Every Impala table is contained within a namespace called a database. The default database is called default, and users may create and drop additional databases as desired.

Note

When a managed Kudu table is created from within Impala, the corresponding Kudu table will be named impala::my_database.table_name

Tables created by the sink are not automatically visible to Impala. You must map the table in Impala.

CREATE EXTERNAL TABLE my_mapping_table
STORED AS KUDU
TBLPROPERTIES (
'kudu.table_name' = 'my_kudu_table'
);

Sink Connector QuickStart

Start Kafka Connect in distributed mode (see install). In this mode a Rest Endpoint on port 8083 is exposed to accept connector configurations. We developed Command Line Interface to make interacting with the Connect Rest API easier. The CLI can be found in the Stream Reactor download under the bin folder. Alternatively the Jar can be pulled from our GitHub releases page.

Installing the Connector

Connect, in production should be run in distributed mode

  1. Install and configure a Kafka Connect cluster
  2. Create a folder on each server called plugins/lib
  3. Copy into the above folder the required connector jars from the stream reactor download
  4. Edit connect-avro-distributed.properties in the etc/schema-registry folder and uncomment the plugin.path option. Set it to the root directory i.e. plugins you deployed the stream reactor connector jars in step 2.
  5. Start Connect, bin/connect-distributed etc/schema-registry/connect-avro-distributed.properties

Connect Workers are long running processes so set an init.d or systemctl service accordingly.

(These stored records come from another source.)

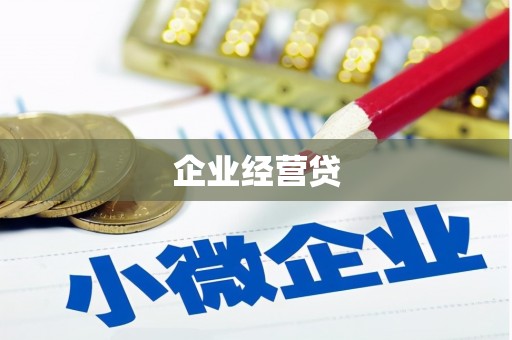 阳东企业经营贷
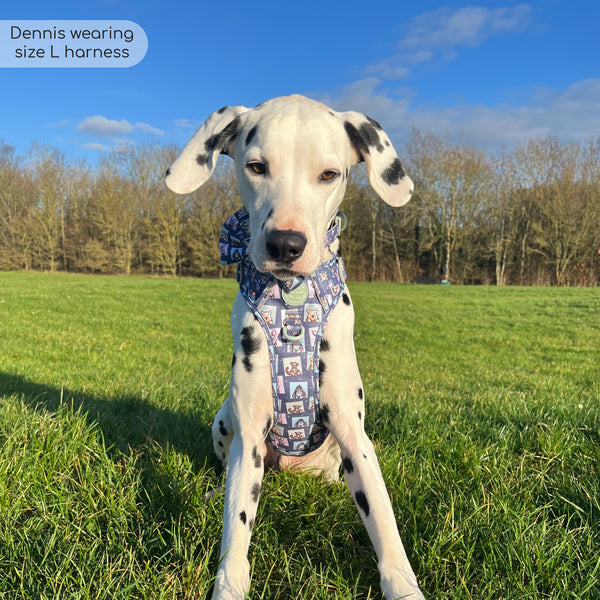 Tough Trails™ Harness -  Winnie + Friends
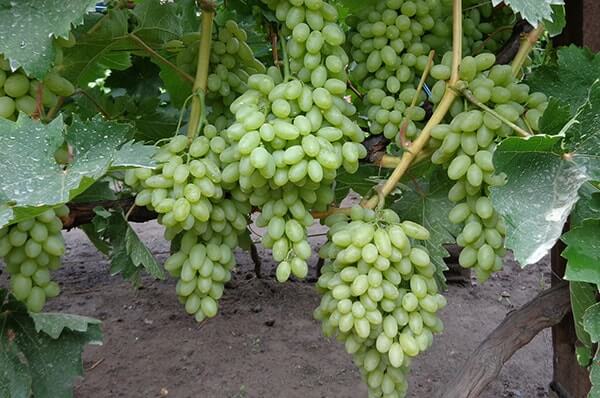 พวงองุ่นขนาดใหญ่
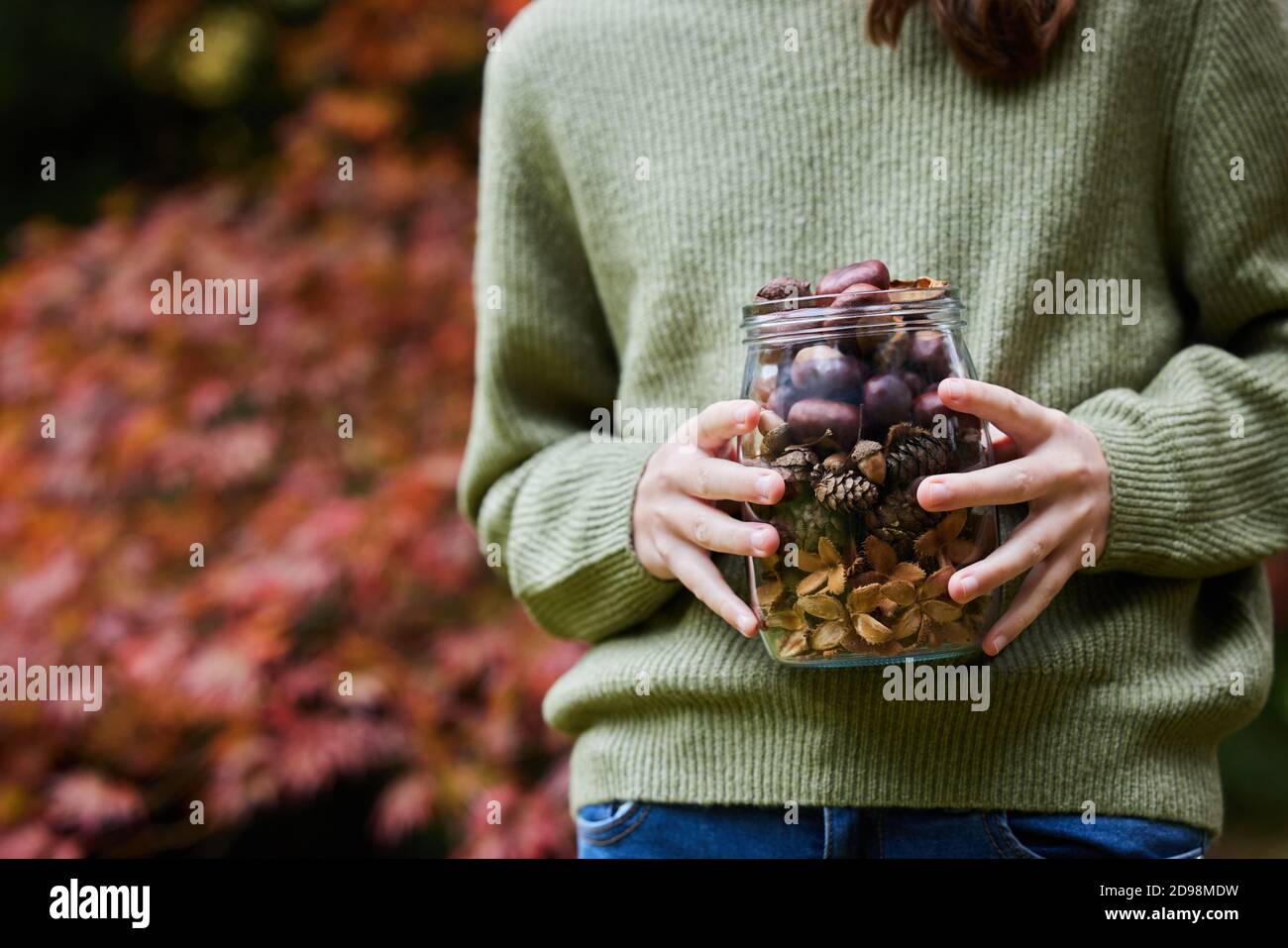 Primo piano di Girl Outdoors vasetto di pino d'autunno Coni con corna Conker e custodie per noci di faggio Foto Stock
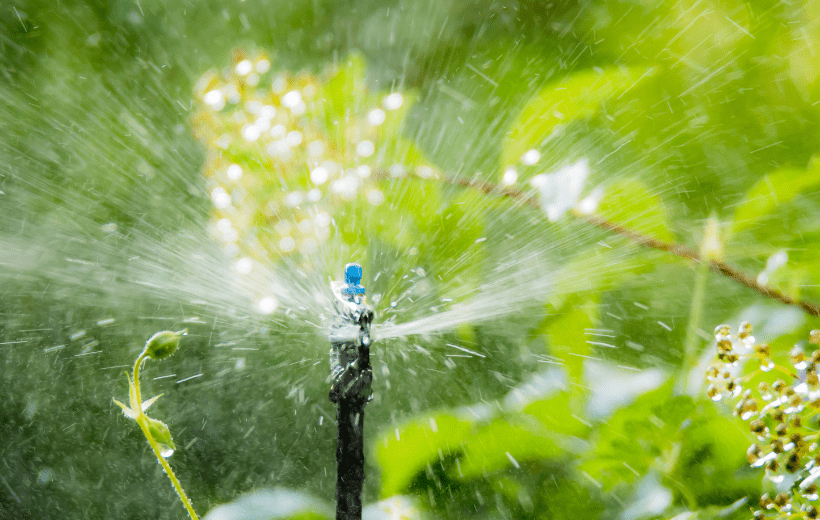 Should You Get a Sprinkler System?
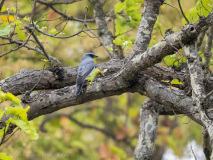 Large cuckooshrike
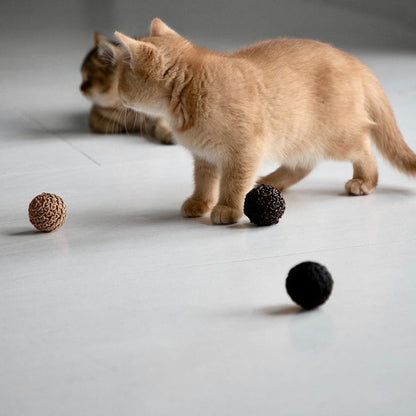 Filo Cat Toy Ball
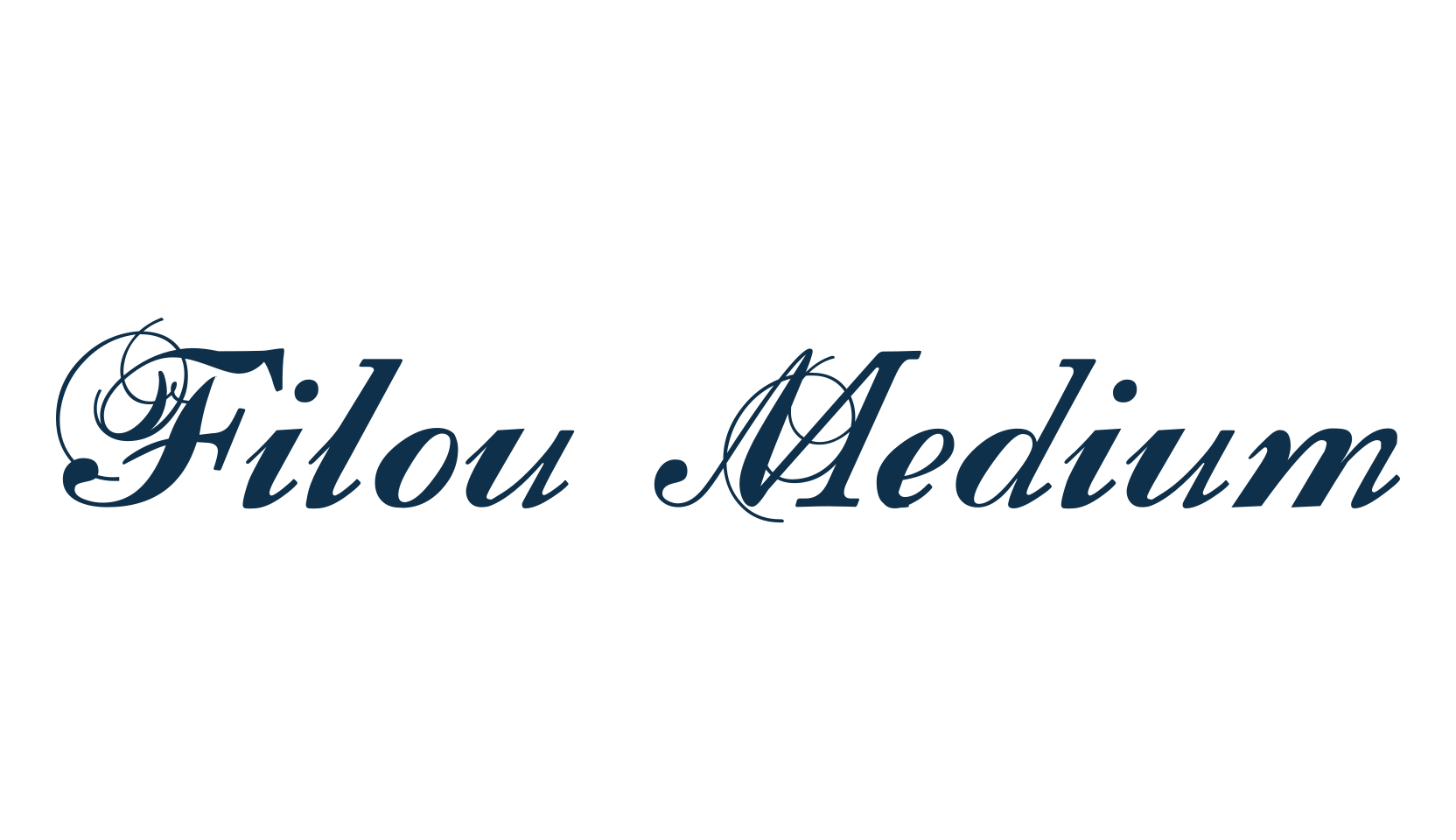 Filou Medium, fancy various decorative script calligraphy font preview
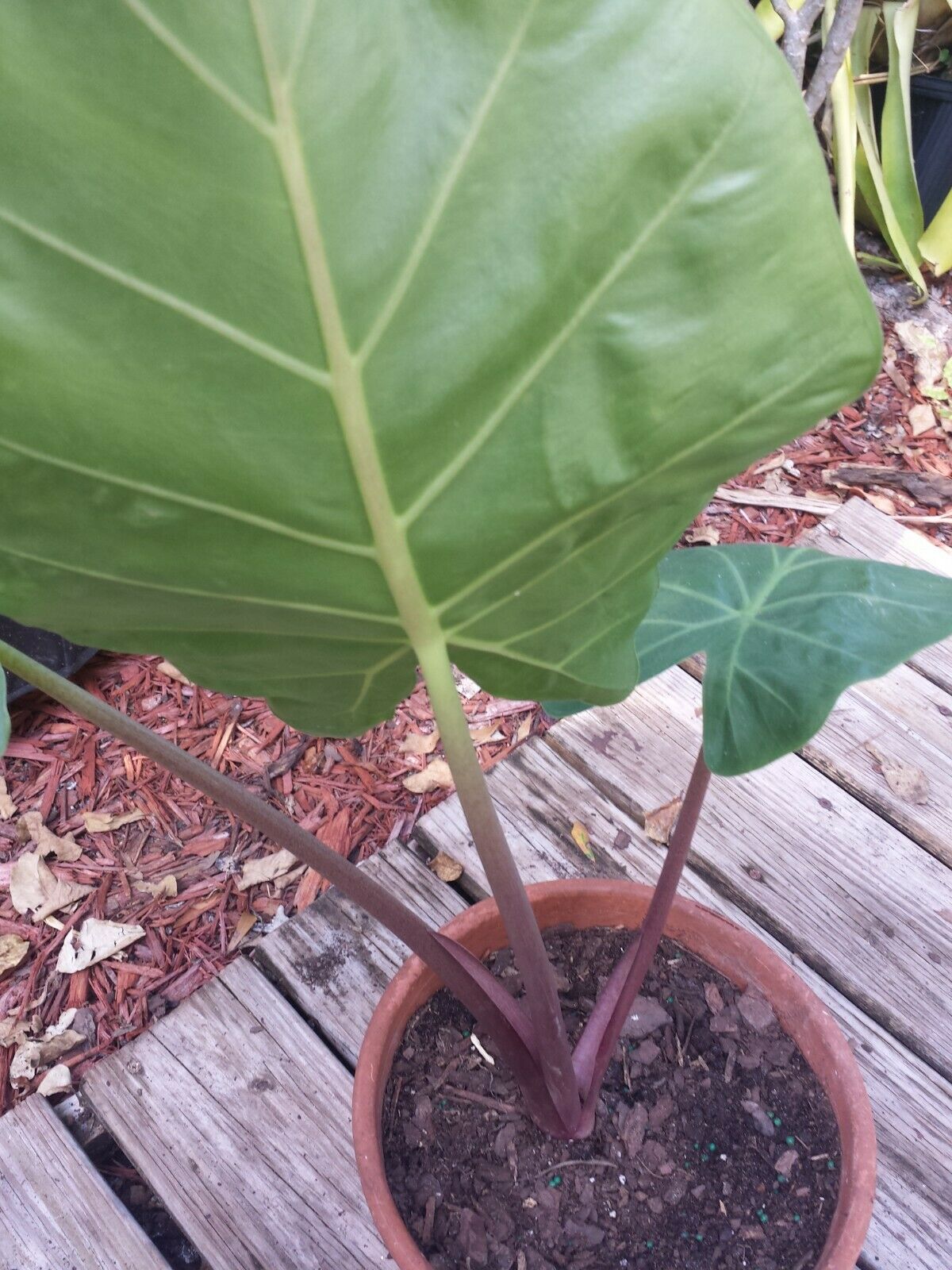 Alocasia Imperial Red Elephant Ear Tropical Plant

Starting the Connector (Distributed)

Download, and install Stream Reactor. Follow the instructions here if you have not already done so. All paths in the quickstart are based on the location you installed the Stream Reactor.

Once the Connect has started we can now use the kafka-connect-tools cli to post in our distributed properties file for Kudu. For the CLI to work including when using the dockers you will have to set the following environment variable to point the Kafka Connect Rest API.

export KAFKA_CONNECT_REST="http://myserver:myport"
➜  bin/connect-cli create kudu-sink < conf/kudu-sink.properties

name=kudu-sink
connector.class=com.datamountaineer.streamreactor.connect.kudu.sink.KuduSinkConnector
tasks.max=1
topics=kudu-test
connect.kudu.master=quickstart
connect.kudu.kcql=INSERT INTO impala::default.kudu_test SELECT * FROM kudu-test

If you switch back to the terminal you started Kafka Connect in, you should see the Elastic Search Sink being accepted and the task starting.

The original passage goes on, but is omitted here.